*Exercise*
Up to and including the line with "menghargai dalam setiap", write out the listing from its first line, minus the pictures.

*Material shown*
★ ★ ★
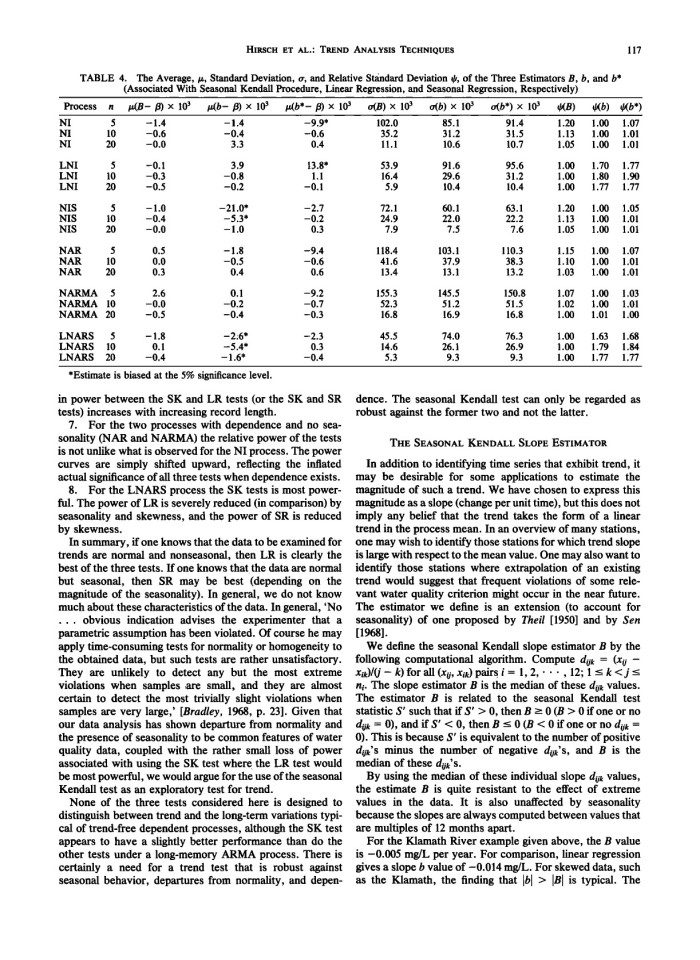 image for page Techniques of Trend Analysis for Monthly Water Quality Data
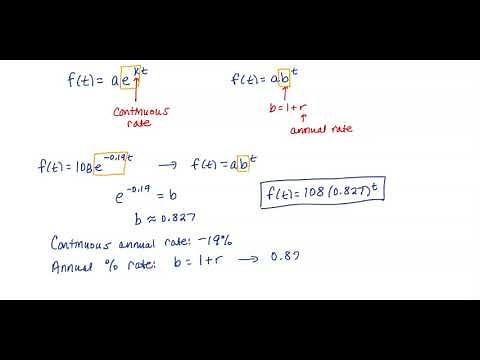 MATH 115: Continuous vs annual growth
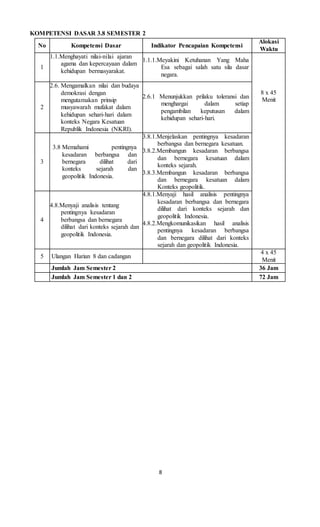 8
KOMPETENSI DASAR 3.8 SEMESTER 2
No Kompetensi Dasar Indikator Pencapaian Kompetensi
Alokasi
Waktu
1
1.1.Menghayati nilai-nilai ajaran
agama dan kepercayaan dalam
kehidupan bermasyarakat.
1.1.1.Meyakini Ketuhanan Yang Maha
Esa sebagai salah satu sila dasar
negara.
8 x 45
Menit
2
2.6. Mengamalkan nilai dan budaya
demokrasi dengan
mengutamakan prinsip
musyawarah mufakat dalam
kehidupan sehari-hari dalam
konteks Negara Kesatuan
Republik Indonesia (NKRI).
2.6.1 Menunjukkan prilaku toleransi dan
menghargai dalam setiap
pengambilan keputusan dalam
kehidupan sehari-hari.
3
3.8 Memahami pentingnya
kesadaran berbangsa dan
bernegara dilihat dari
konteks sejarah dan
geopolitik Indonesia.
3.8.1.Menjelaskan pentingnya kesadaran
berbangsa dan bernegara kesatuan.
3.8.2.Membangun kesadaran berbangsa
dan bernegara kesatuan dalam
konteks sejarah.
3.8.3.Membangun kesadaran berbangsa
dan bernegara kesatuan dalam
Konteks geopolitik.
4
4.8.Menyaji analisis tentang
pentingnya kesadaran
berbangsa dan bernegara
dilihat dari konteks sejarah dan
geopolitik Indonesia.
4.8.1.Menyaji hasil analisis pentingnya
kesadaran berbangsa dan bernegara
dilihat dari konteks sejarah dan
geopolitik Indonesia.
4.8.2.Mengkomunikasikan hasil analisis
pentingnya kesadaran berbangsa
dan bernegara dilihat dari konteks
sejarah dan geopolitik Indonesia.
5 Ulangan Harian 8 dan cadangan
4 x 45
Menit
Jumlah Jam Semester 2 36 Jam
Jumlah Jam Semester 1 dan 2 72 Jam
 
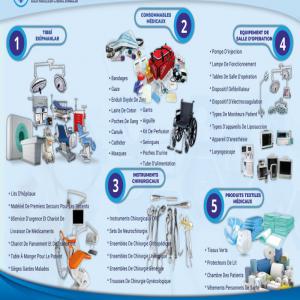  Consommables Médicaux - autres bonjour...--pour toutes commandes,  veuillez nous contacter. vous n'aurez pas affaire avec un interm&eacute;diaire,  c'est avec l'usine de fabrication directement vous discuterez...--veuillez nous contacter pour avoir le contact de l'usine.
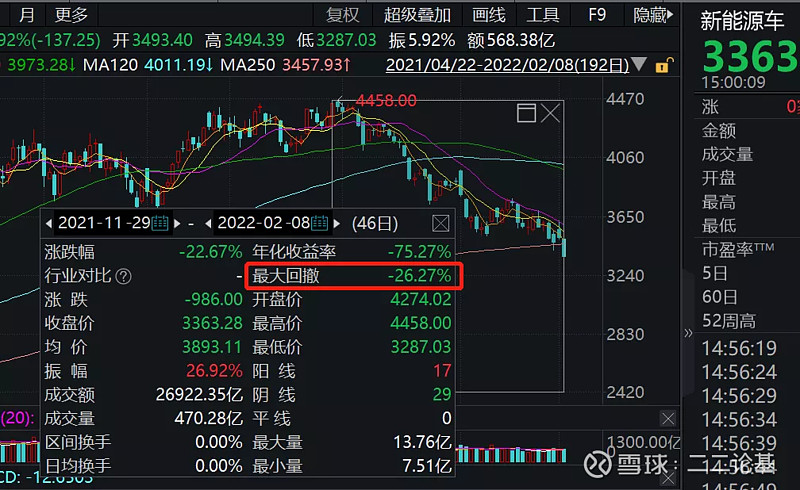 专业基金买手最爱买的10只基金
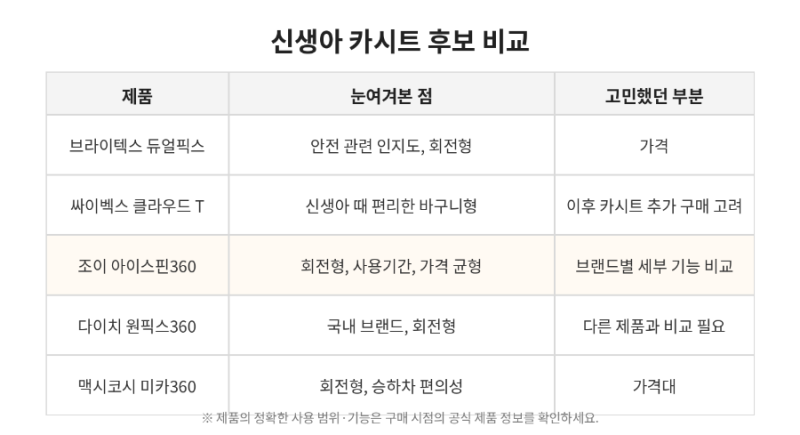 신생아 카시트 비교｜한참 고민하다가 조이 아이스핀360으로 결정한 이유
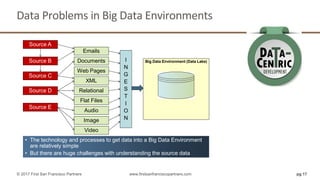Data Problems in Big Data Environments
pg 17© 2017 First San Francisco Partners www.firstsanfranciscopartners.com
• The technology and processes to get data into a Big Data Environment
are relatively simple
• But there are huge challenges with understanding the source data
Big Data Environment (Data Lake)
Emails
Documents
Web Pages
XML
Relational
Flat Files
Audio
Image
Video
I
N
G
E
S
T
I
O
N
Source A
Source B
Source C
Source D
Source E
 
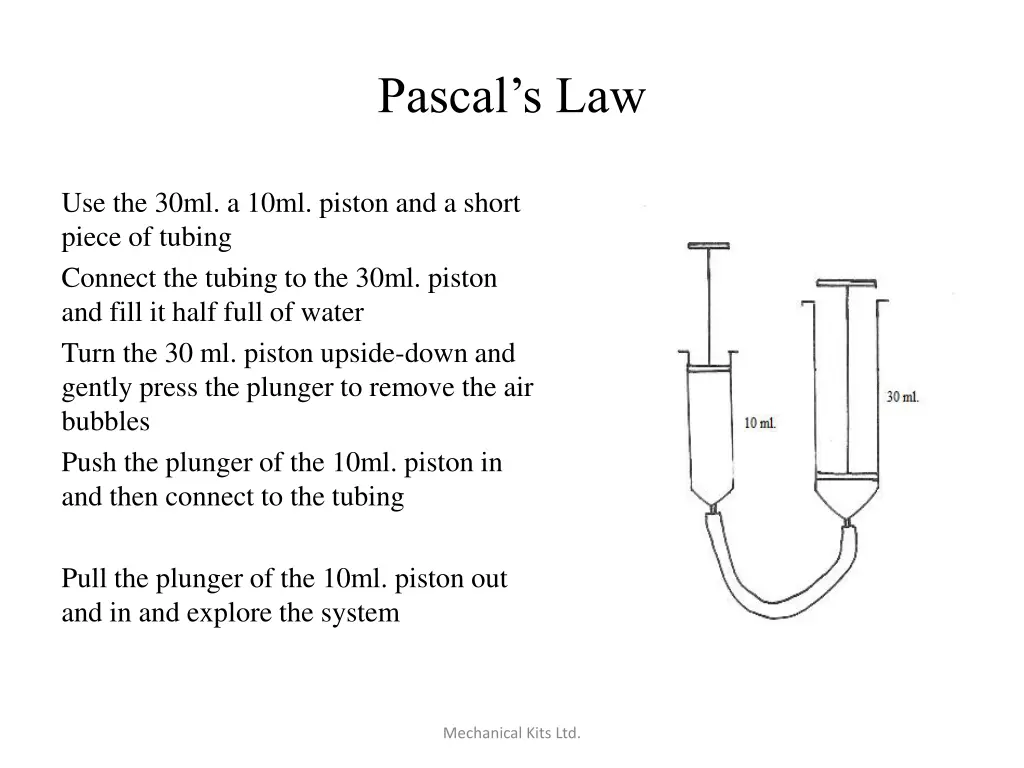 pascal s law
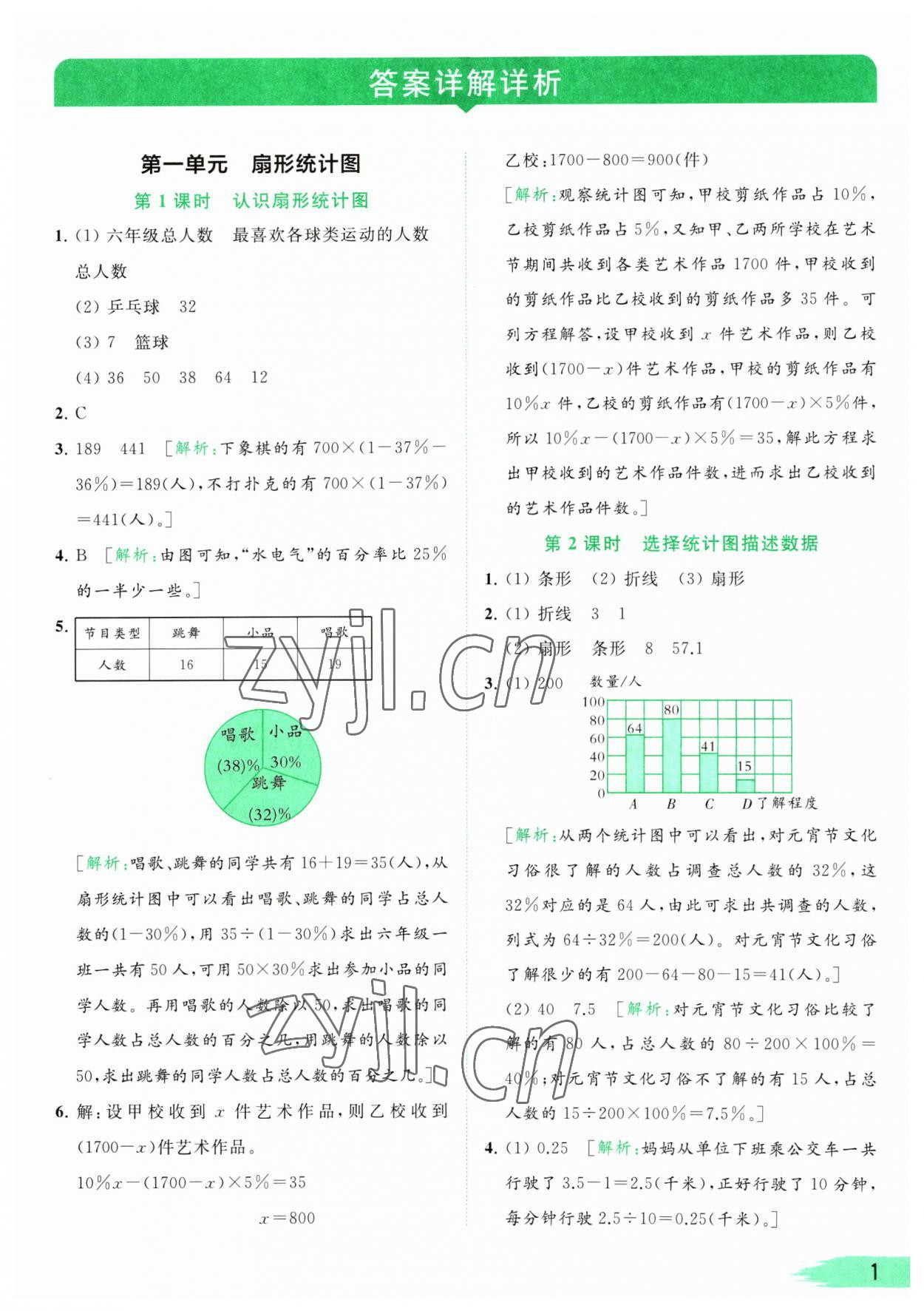 2023年亮點(diǎn)給力提優(yōu)班多維互動(dòng)空間六年級(jí)數(shù)學(xué)下冊(cè)蘇教版 參考答案第1頁(yè)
★ ★ ★
*Exercise solution*
 image for page Techniques of Trend Analysis for Monthly Water Quality Data
 MATH 115: Continuous vs annual growth
 8
KOMPETENSI DASAR 3.8 SEMESTER 2
No Kompetensi Dasar Indikator Pencapaian Kompetensi
Alokasi
Waktu
1
1.1.Menghayati nilai-nilai ajaran
agama dan kepercayaan dalam
kehidupan bermasyarakat.
1.1.1.Meyakini Ketuhanan Yang Maha
Esa sebagai salah satu sila dasar
negara.
8 x 45
Menit
2
2.6. Mengamalkan nilai dan budaya
demokrasi dengan
mengutamakan prinsip
musyawarah mufakat dalam
kehidupan sehari-hari dalam
konteks Negara Kesatuan
Republik Indonesia (NKRI).
2.6.1 Menunjukkan prilaku toleransi dan
menghargai dalam setiap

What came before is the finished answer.